Do it immediately. Do it with compassion and dignity. Do it for Arizona.

The wide diversity of those urging Brewer to veto SB 1062 reveals how bad it really is. Opponents come from the right and the left. From business, economic development, faith and civil liberties communities.

The Arizona Capitol Times:
A trio of Arizona state senators urged Gov. Jan Brewer to veto a controversial “religious freedom” bill on Monday, just days after all three cast votes in favor of the proposal that opponents say will legalize discrimination. Sens. Adam Driggs, Steve Pierce and Bob Worsley sent a letter to the governor explaining their “sincere intent” in voting for the bill to shield Arizonans’ religious liberties, but saying a swell of opposition to SB1062 had already caused a disastrous effect on the state.
The New York Times:
There are 17 states where it is legal for same-sex couples to marry, and there is no evidence that the accelerating progress toward equality has compromised anyone’s freedom to worship or hold religious beliefs.

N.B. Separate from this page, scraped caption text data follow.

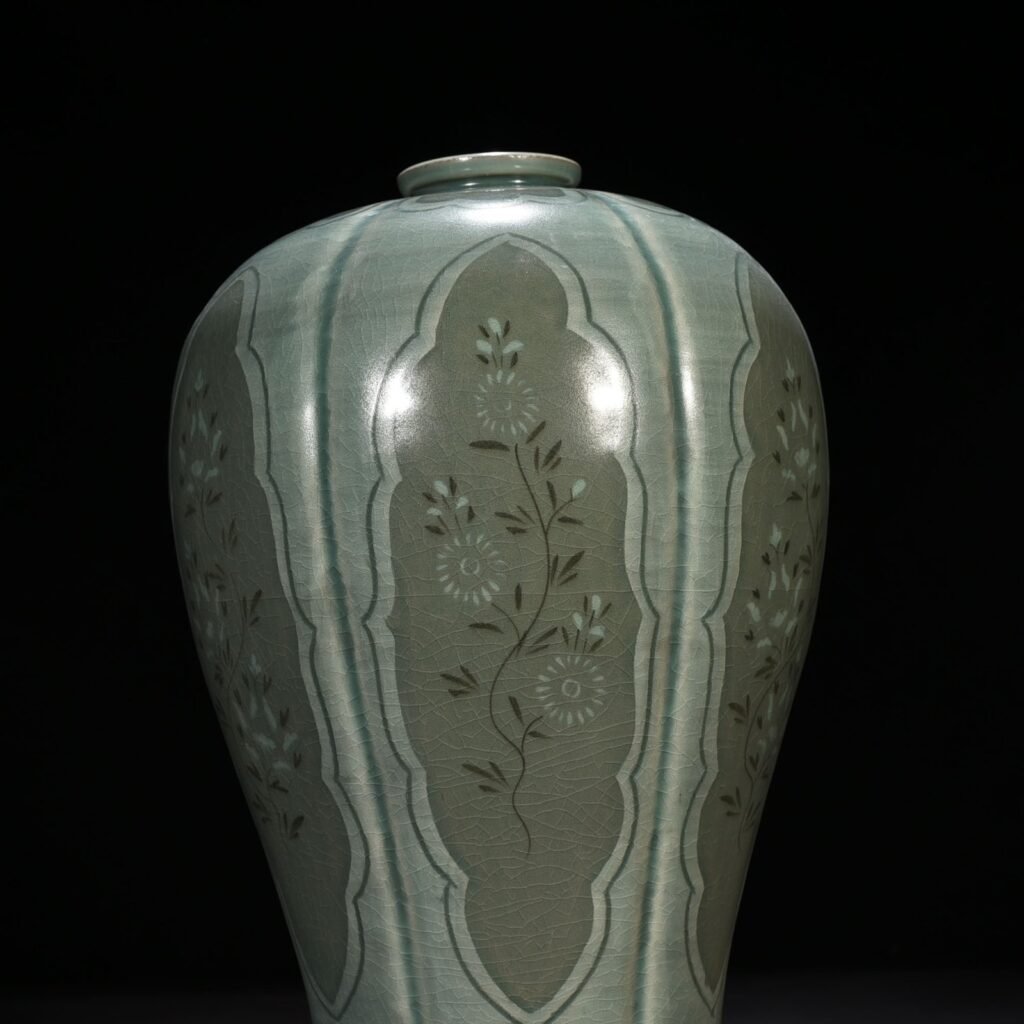 Song Dynasty Gaoli inlaid celadon flower pattern melon plum vase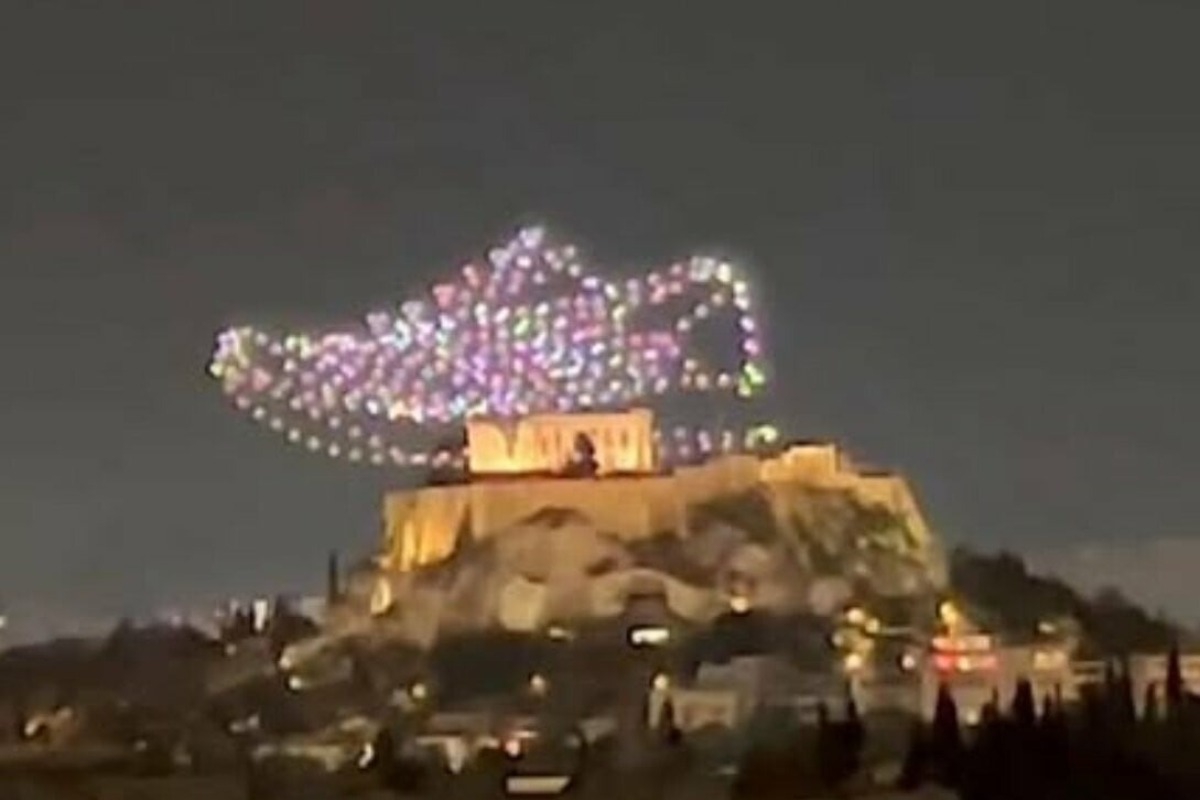 Μήνυση κατά παντός υπευθύνου από το υπ. Πολιτισμού για τη διαφήμιση με drones στην Ακρόπολη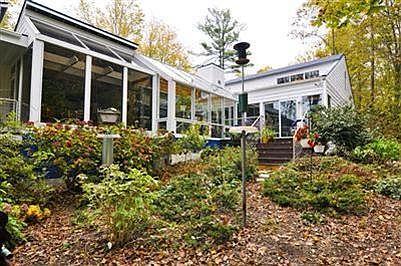 1st image of 2554 Lakeshore Dr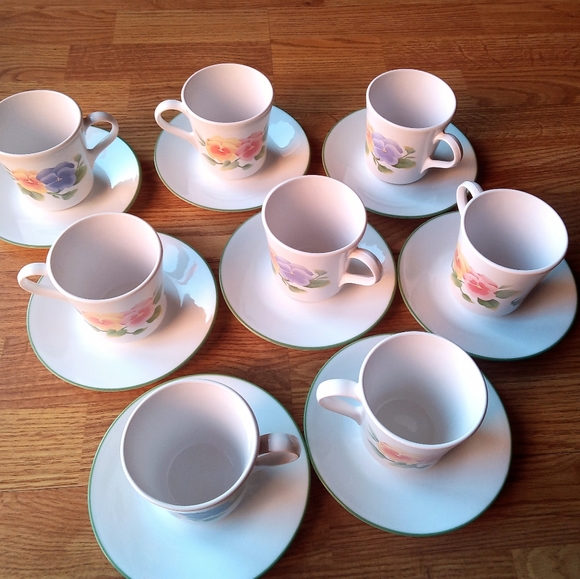 *Vintage Corning Wear, Corelle,  Summer Blush pattern, 8 cups, 8 saucers - Picture 6 of 16
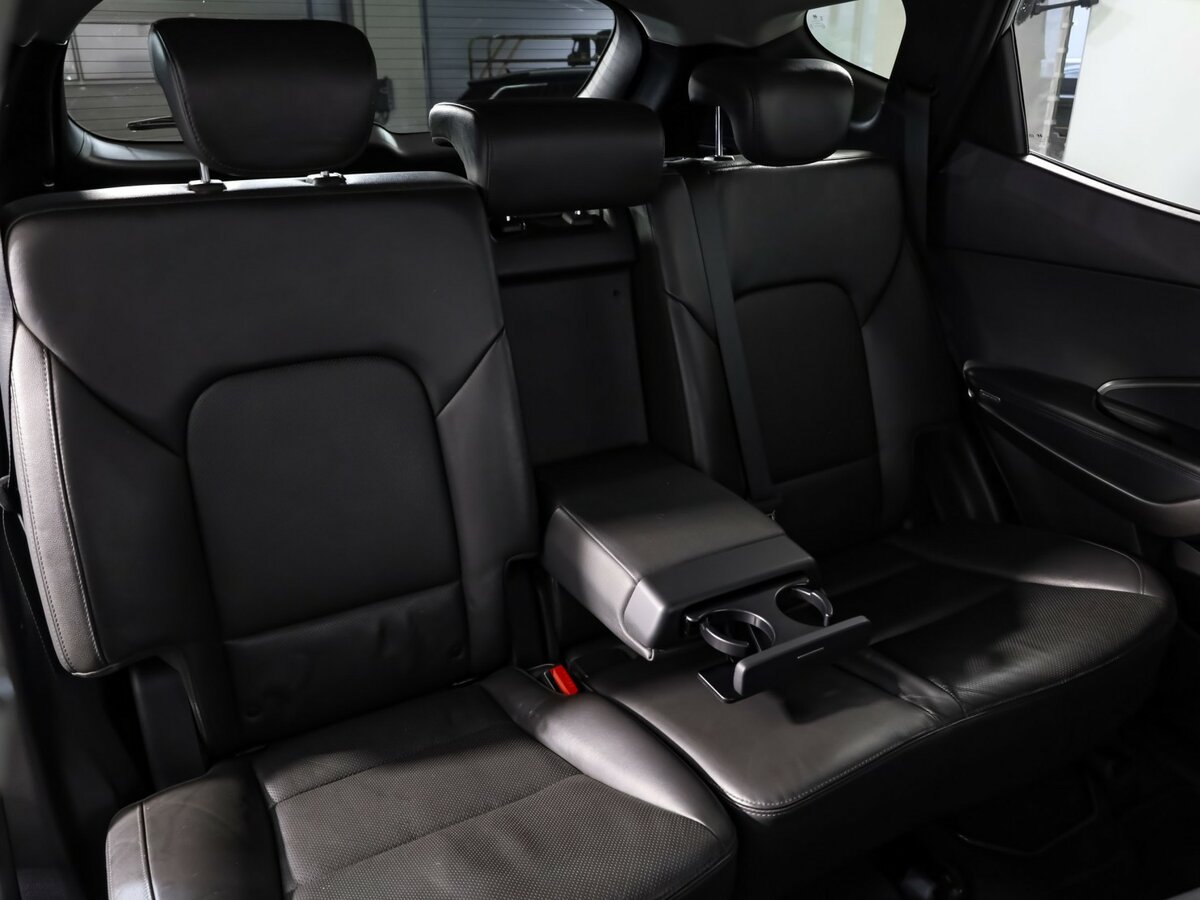 Купить Hyundai Santa Fe, 2016, 146 152 км.. Фото: #22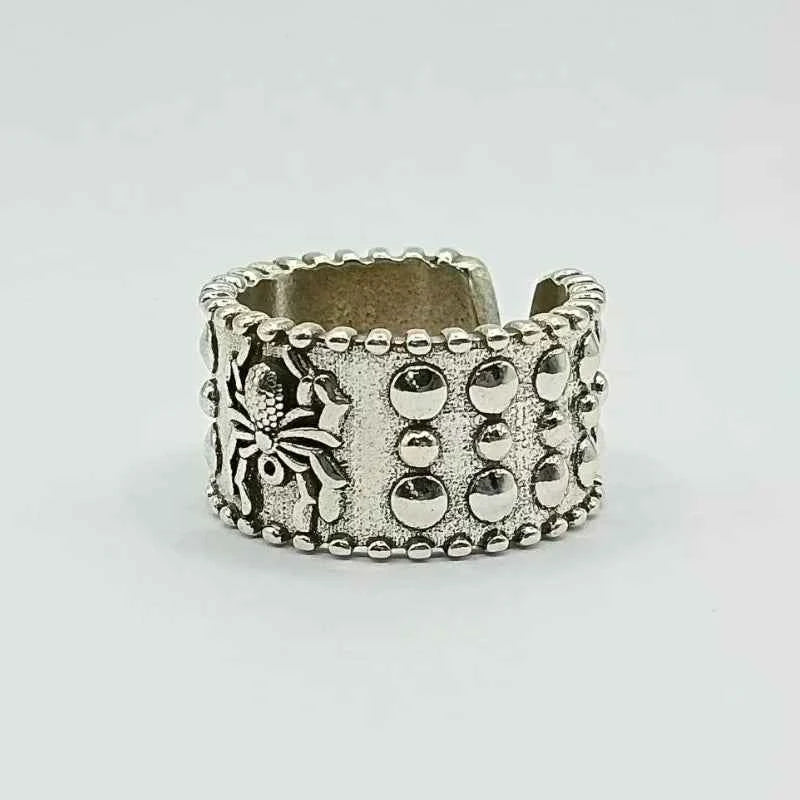 Spider Pattern Wide Open Ring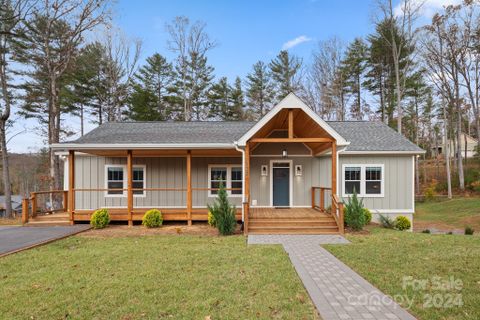 132 Cascade Ridge Road sold home in Cascade Ridge, Fairview, NC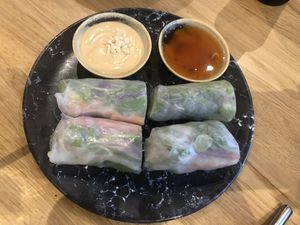 Veggoe rolls veganos at Viva in El Prat De Llobregat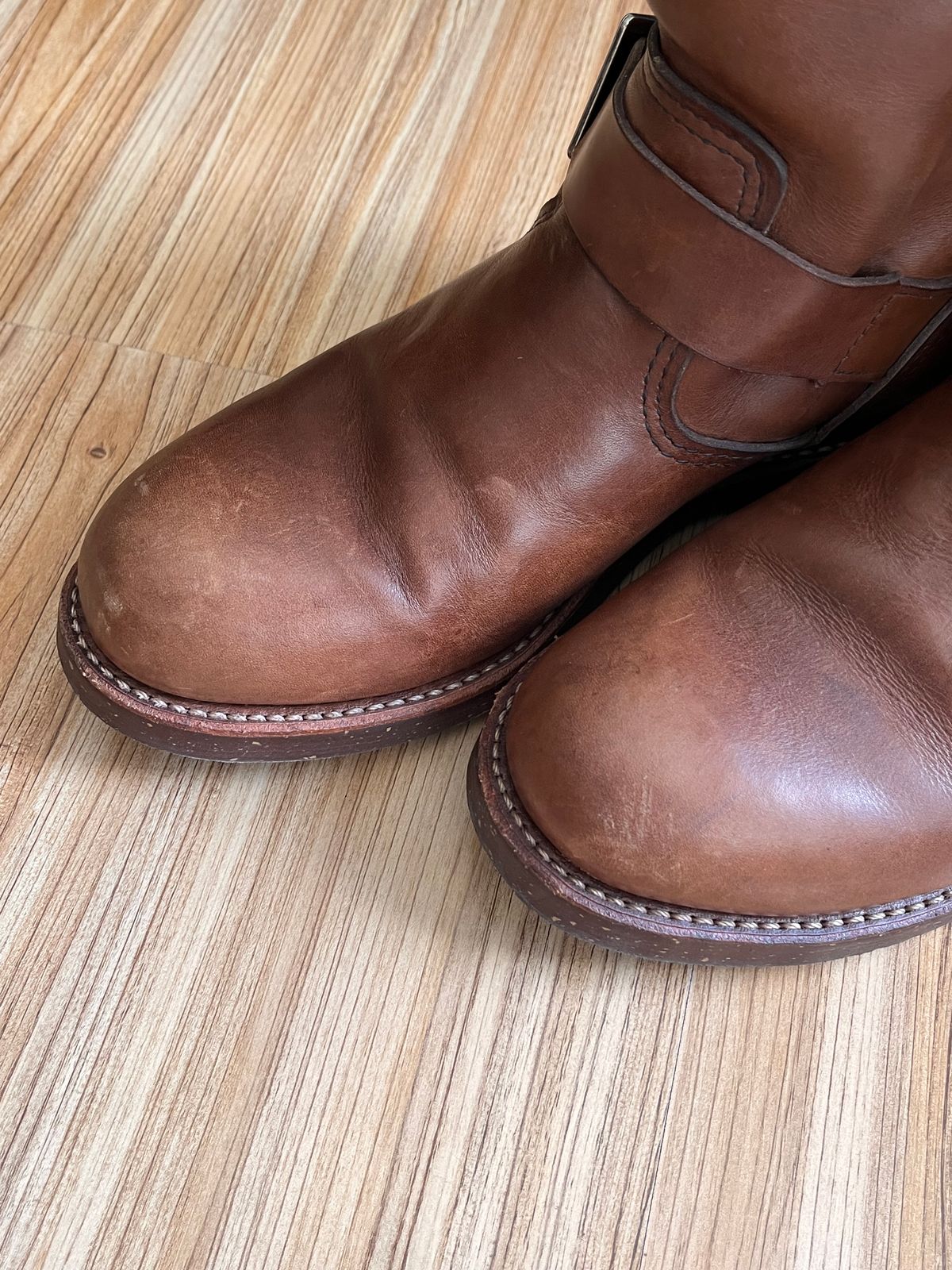 Photo by jen44 on August 9, 2025 of the Red Wing Engineer in S.B. Foot Amber Harness.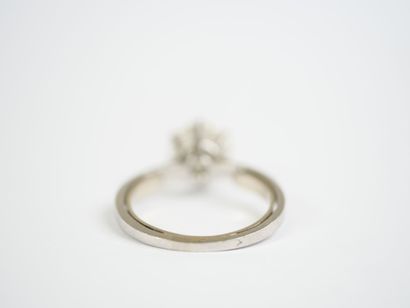 Platinum (850‰) solitaire ring featuring...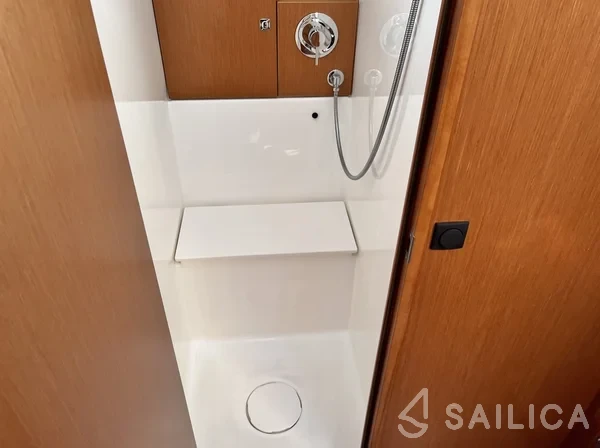 Bavaria 51 Cruiser - Yacht Charter Sailica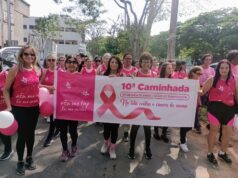 Secretaria Municipal de Saúde realiza caminhada Outubro Rosa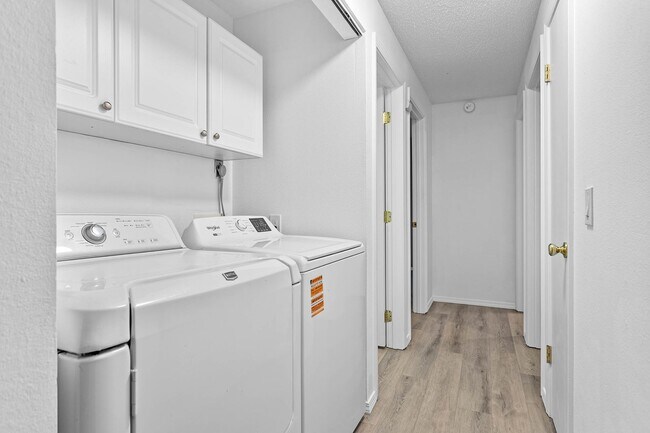 Building Photo - 2425 Spruce St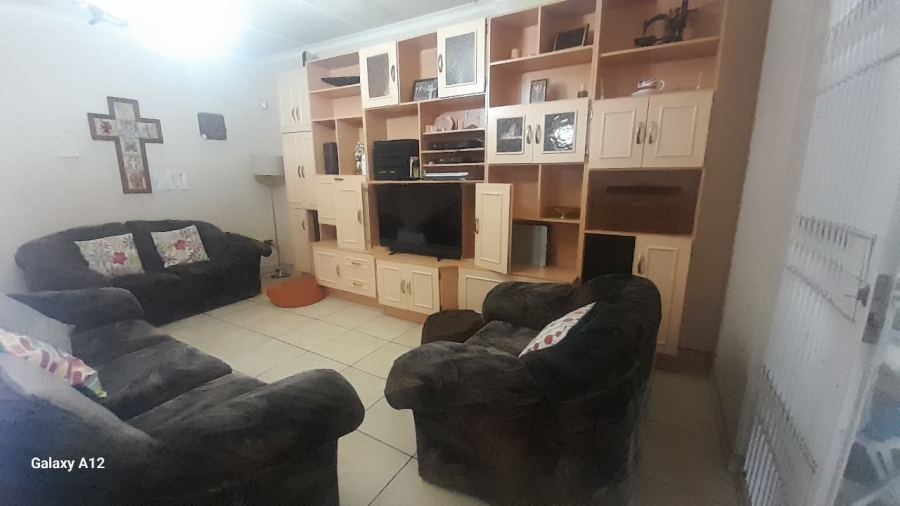 4 Bedroom Property for Sale in Ferryvale Gauteng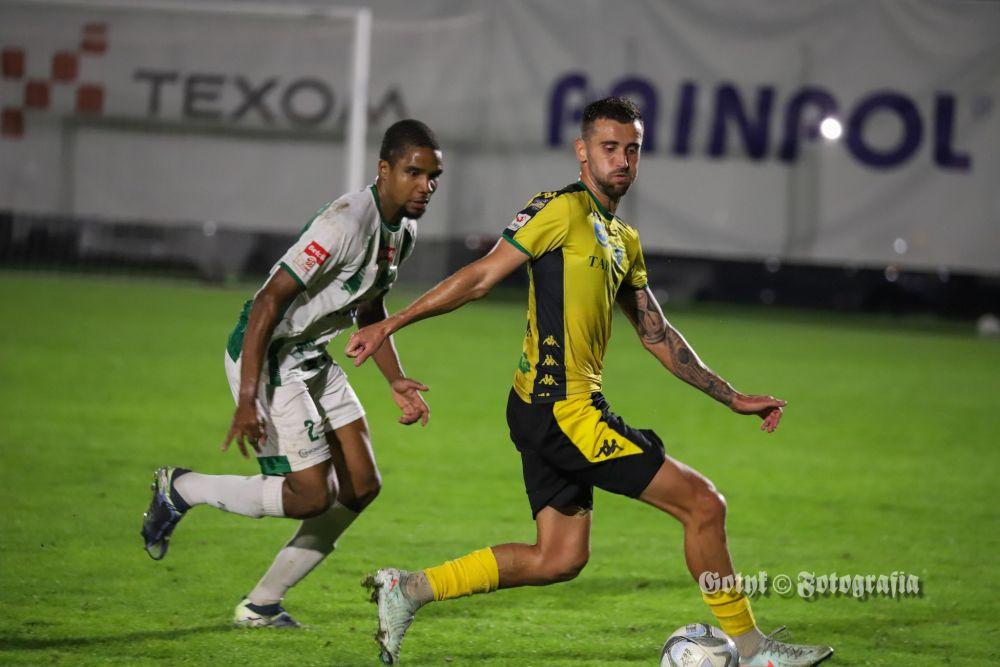 Paweł Mróz (w barwach Siarki Tarnobrzeg) zdobył jedenastą bramkę w tym sezonie (fot. Wisłoka Dębica)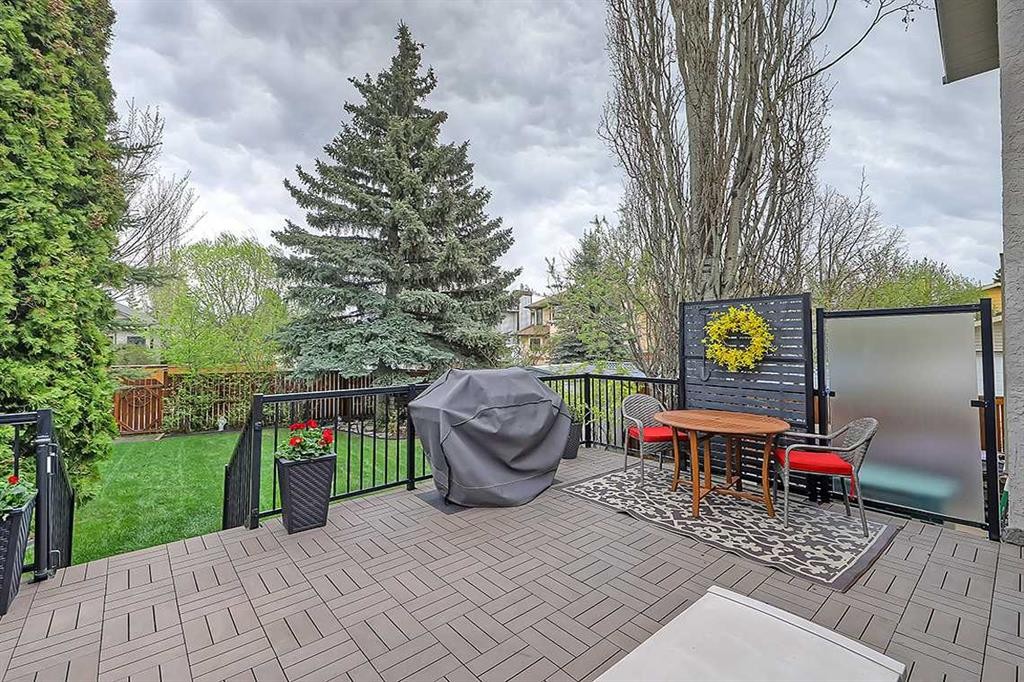 42 Sundown Close Se, Calgary, AB - Outdoor With Deck Patio Veranda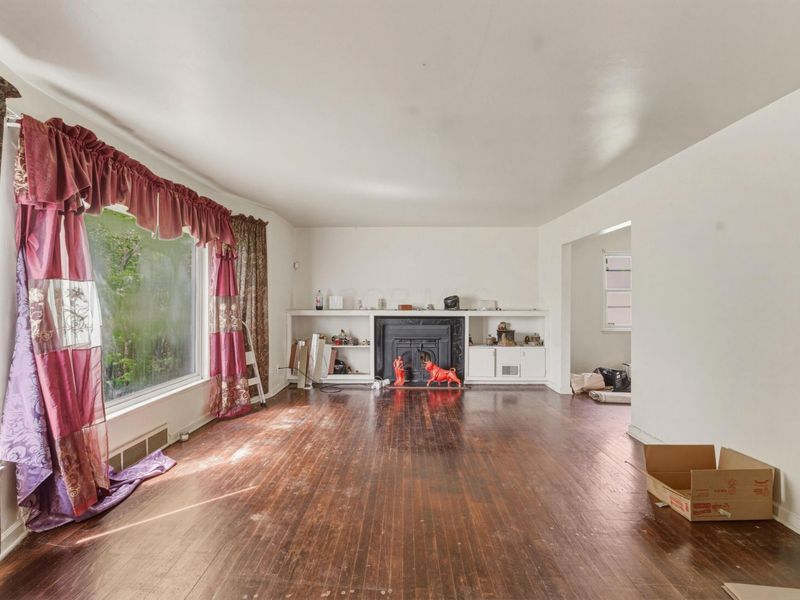 542 S James Road , Columbus, OH 43213 Photo 8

Unfortunately, that has not stopped religious and social conservatives from pressing lawmakers in various states to enact noxious measures to give businesses and individuals the broad right to deny services to same-sex couples in the name of protecting religious liberty. On Thursday, the Arizona Legislature became the first state to pass such a bill, leaving it to the state’s Republican governor, Jan Brewer, to decide by Friday whether to sign it or veto it, as she plainly should do.

Much more below the fold.

Adam Sewer at MSNC takes a bird's eye view of the movement to establish "religious freedom" laws to discrimate:

With the exception of a carefully worded potential ballot initiative in Oregon, conservative religious freedom proposals being considered by several states contain language that can be read as going much further than protecting the right of refusal associated with the solemnization or commemoration of a commitment between same-sex partners. Indeed, most of the proposed laws include language that could grant state approval to myriad forms of discrimination against people in same-sex relationships.
A great LTE makes a great point:
If Arizona legislators think Senate Bill 1062 is such a great idea, they should add a requirement that any business that would seek protection under the law must post at the business location and on any written materials an SB 1062 statement that outlines their sincerely held religious belief, cites the source and lists any impact on services they provide.

This would allow all potential customers to make an informed decision about doing business with them. After all, if the belief is sincerely held, why would they want to keep it a secret until they are in court defending themselves against their discriminatory actions?

It would also allow those with contrary sincerely held beliefs, such as all men are created equal, to take their business elsewhere.

— Michael Cornelius, Phoenix

Owen Ullmann, USA Today:
[A]nyone who cherishes our pluralistic society should be outraged that Arizona's Legislature has passed a bill that would grant businesses the right to cite religious beliefs as a justification for refusing to serve same-sex couples. These intolerant lawmakers must be nostalgic for Jim Crow laws. I'm curious how a business would even know which customers are gay. Would you have to sign a statement that you are heterosexual as a condition to being served? If two women are holding hands, does that make them a same-sex couple, or are they just sisters? If two men kiss in a store, are they gay or…maybe, just French?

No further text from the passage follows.